A single 10-minute retrieval practice activity significantly improved final exam performance.
How a Brief Quiz Reduced Anxiety, Boosted Performance and Worked Better Than Students Expected
A new study from Kenneth Barideaux Jr. explored whether a single, brief retrieval practice session could outperform traditional review methods in preparing diverse college students for final exams. Using a quasi-experimental design with 38 psychology students, Barideaux compared the outcomes of a 10-minute practice test against a conventional instructor-led review session covering identical content. What made this study particularly significant was its racially diverse sample (50% students of colour and 37% first-generation college students) directly challenging the demographic limitations of a lot of previous retrieval practice research.
The intervention was 10 minutes of students taking an unexpected, closed-notes practice test consisting of:
10 multiple-choice questions created by the instructor
Questions focused on key concepts likely to appear on the final exam
Each question had four answer choices
Questions assessed recall or comprehension of foundational concepts
Students were told it was ungraded and framed as preparation for the final exam. Immediately after the 10-minute test, the instructor provided corrective feedback, explaining why each answer was correct or incorrect.
The passive review was a brief PowerPoint-based presentation where the instructor delivered key concepts as bullet points to the class. Specifically, the review group received:
The same content that was tested in the retrieval practice group
Information presented in bullet-point format on slides
Instructor clarification of misconceptions
A structured overview of concepts likely to appear on the final exam
This is what the study calls a "more common instructional approach"; essentially a traditional pre-exam review session where students passively receive information rather than actively retrieving it from memory.
The retrieval practice group achieved 83% correct answers compared to 72% for the review group: an 11 percentage point improvement that could easily mean the difference between letter grades.
The crucial difference was the cognitive demand: the review group sat and listened while information was presented to them, whereas the retrieval practice group had to actively recall and produce answers from memory before receiving feedback.

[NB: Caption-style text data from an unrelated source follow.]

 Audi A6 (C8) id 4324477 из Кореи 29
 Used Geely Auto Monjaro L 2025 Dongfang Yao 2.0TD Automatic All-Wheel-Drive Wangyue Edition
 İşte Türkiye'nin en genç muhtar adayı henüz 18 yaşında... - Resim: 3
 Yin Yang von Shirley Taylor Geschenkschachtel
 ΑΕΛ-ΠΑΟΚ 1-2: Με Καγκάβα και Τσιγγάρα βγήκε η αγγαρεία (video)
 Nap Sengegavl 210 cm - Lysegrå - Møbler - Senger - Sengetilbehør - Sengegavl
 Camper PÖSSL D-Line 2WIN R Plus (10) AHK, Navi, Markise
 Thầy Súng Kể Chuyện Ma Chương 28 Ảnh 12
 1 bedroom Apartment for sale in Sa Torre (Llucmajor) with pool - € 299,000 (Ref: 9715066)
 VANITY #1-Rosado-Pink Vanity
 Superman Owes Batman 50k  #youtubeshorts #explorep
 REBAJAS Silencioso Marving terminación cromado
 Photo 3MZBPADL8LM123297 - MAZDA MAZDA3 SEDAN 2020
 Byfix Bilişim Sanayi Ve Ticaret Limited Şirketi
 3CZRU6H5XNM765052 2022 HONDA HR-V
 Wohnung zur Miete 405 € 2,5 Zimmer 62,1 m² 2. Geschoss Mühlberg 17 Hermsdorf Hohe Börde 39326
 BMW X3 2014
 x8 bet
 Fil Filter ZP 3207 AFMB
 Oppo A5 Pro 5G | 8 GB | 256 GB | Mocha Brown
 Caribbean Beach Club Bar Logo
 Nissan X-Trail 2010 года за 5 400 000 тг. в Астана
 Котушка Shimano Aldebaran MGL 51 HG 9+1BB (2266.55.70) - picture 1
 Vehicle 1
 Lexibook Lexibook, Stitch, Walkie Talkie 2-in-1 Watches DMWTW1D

This design choice makes the study particularly valuable because it compares retrieval practice to what actually happens in most classrooms, not the artificial comparison to "re-reading" that dominates much of the research literature.
Students who engaged in retrieval practice didn’t report feeling any more prepared for the final exam than their peers who reviewed the material passively. In fact, their self-assessed preparedness was nearly identical. However, their actual performance told a different story: they scored significantly higher across all types of questions, including applied and unrelated items.
Even more intriguing, students who completed the practice test reported feeling less anxious about the exam and found it easier than those who received the traditional review. This suggests retrieval practice may serve a dual function: enhancing performance while reducing test anxiety.
For me this is a fascinating aspect of the science of learning: the disconnect between how we think we learn and how we actually learn. The students who quizzed themselves didn’t feel more prepared but they actually performed better. This crucial difference between feeling and reality underscores why educators should be designing instruction on hard evidence like this as opposed to flimsy constructs like "engagement".
Another significant aspect of this study addressed a critical gap: testing retrieval practice with racially diverse students (50% students of colour). The benefits held across all demographics.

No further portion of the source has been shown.